What you need to do:
Copy all the lines of the listing below exactly. Skip the images.

Data block:
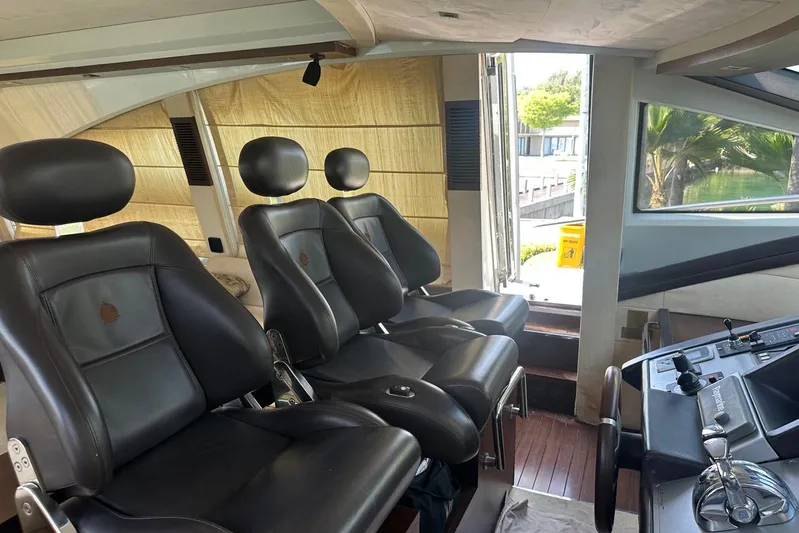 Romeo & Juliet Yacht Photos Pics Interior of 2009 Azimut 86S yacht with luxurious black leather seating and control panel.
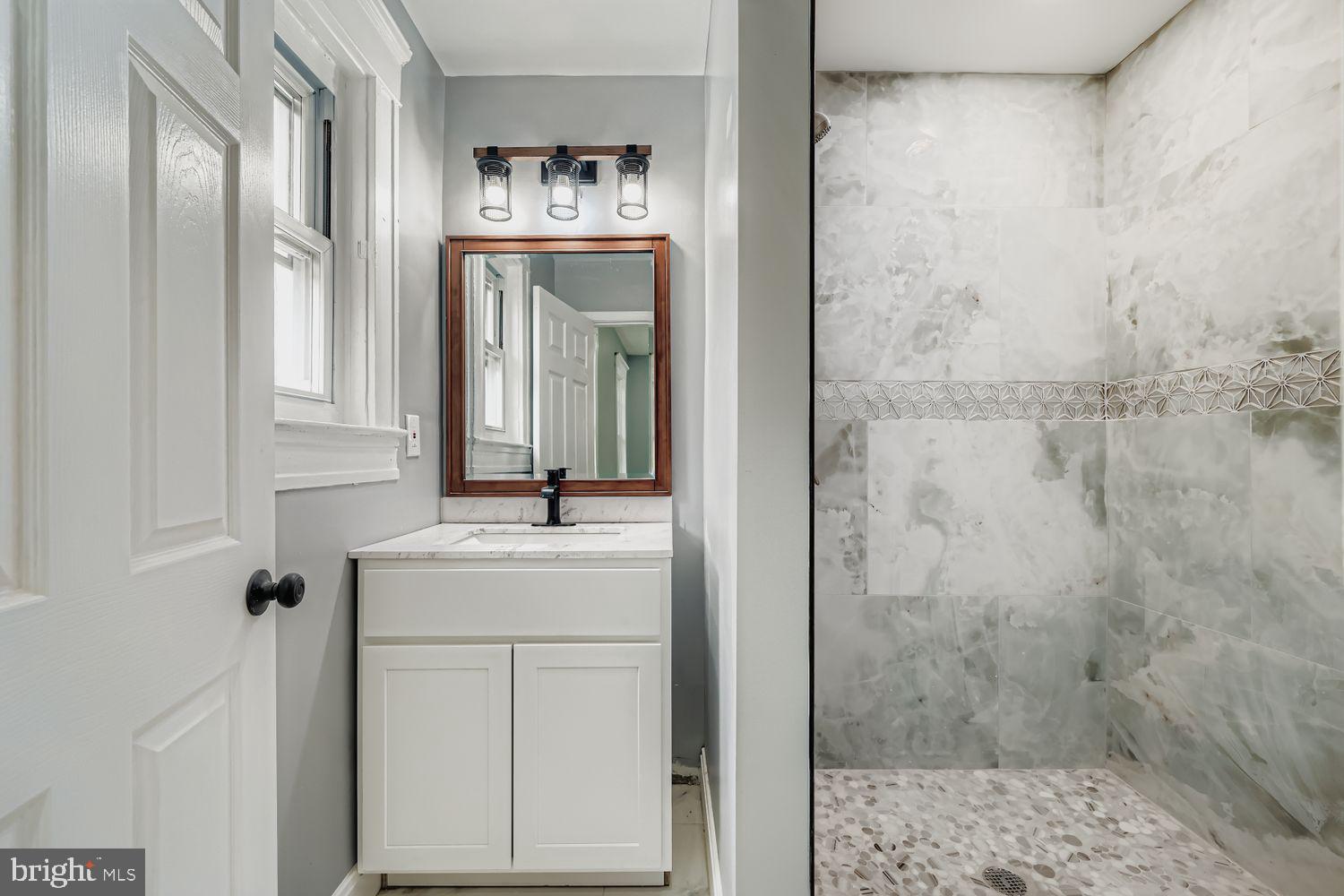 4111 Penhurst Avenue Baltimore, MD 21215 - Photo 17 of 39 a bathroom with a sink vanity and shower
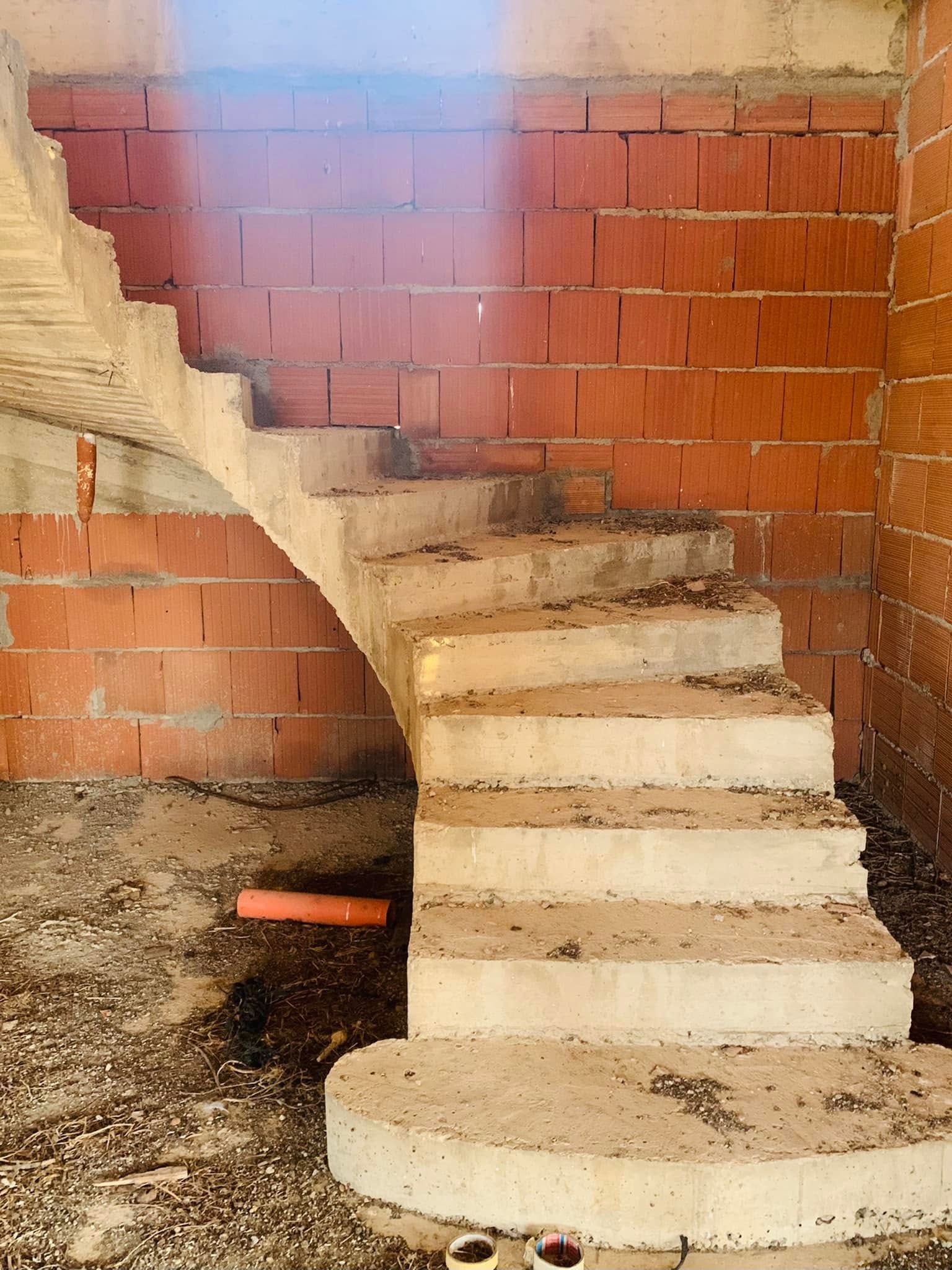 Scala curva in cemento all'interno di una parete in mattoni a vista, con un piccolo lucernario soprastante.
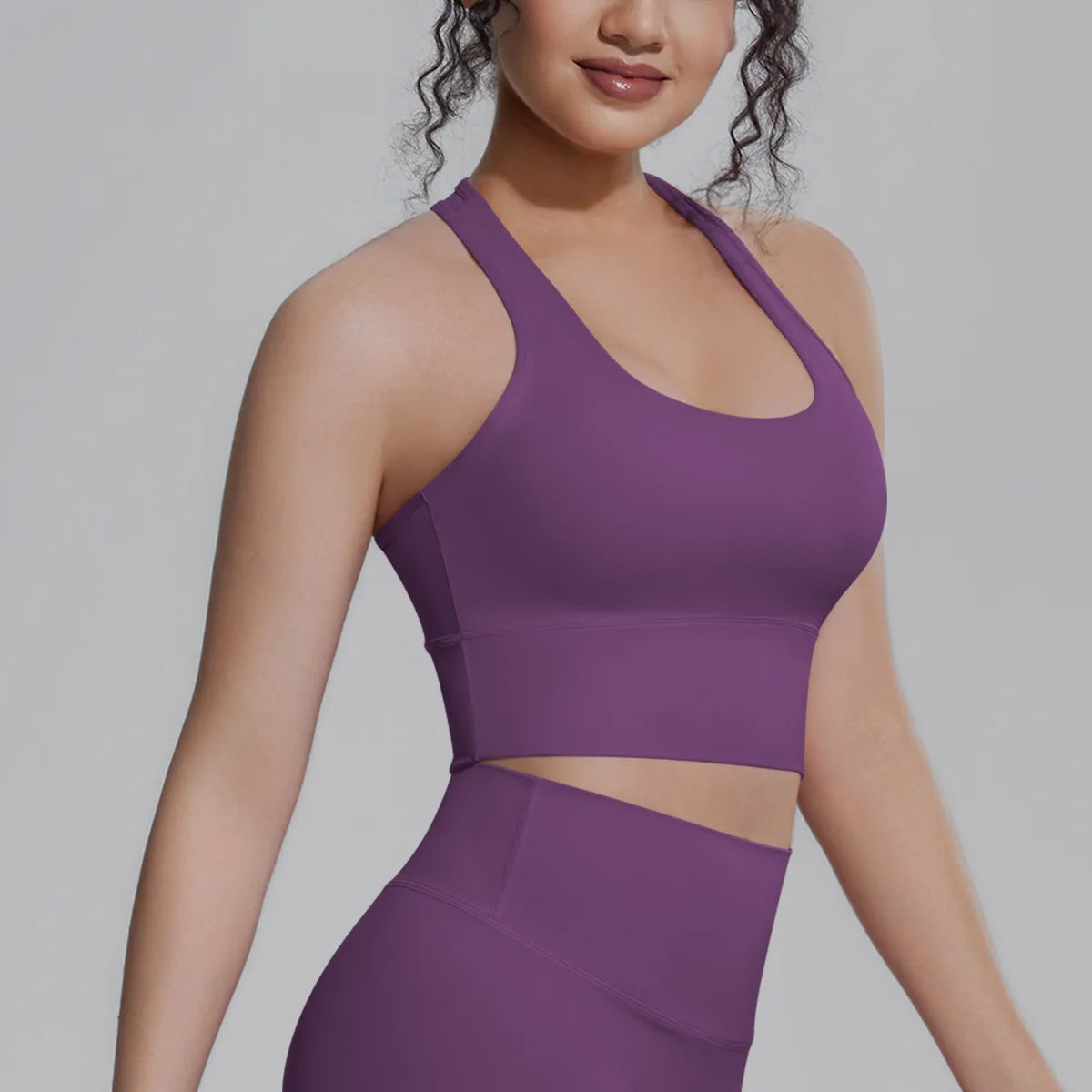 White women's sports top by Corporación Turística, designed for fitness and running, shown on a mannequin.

Answer to this task:
 Romeo & Juliet Yacht Photos Pics Interior of 2009 Azimut 86S yacht with luxurious black leather seating and control panel.
 4111 Penhurst Avenue Baltimore, MD 21215 - Photo 17 of 39 a bathroom with a sink vanity and shower
 Scala curva in cemento all'interno di una parete in mattoni a vista, con un piccolo lucernario soprastante.
 White women's sports top by Corporación Turística, designed for fitness and running, shown on a mannequin.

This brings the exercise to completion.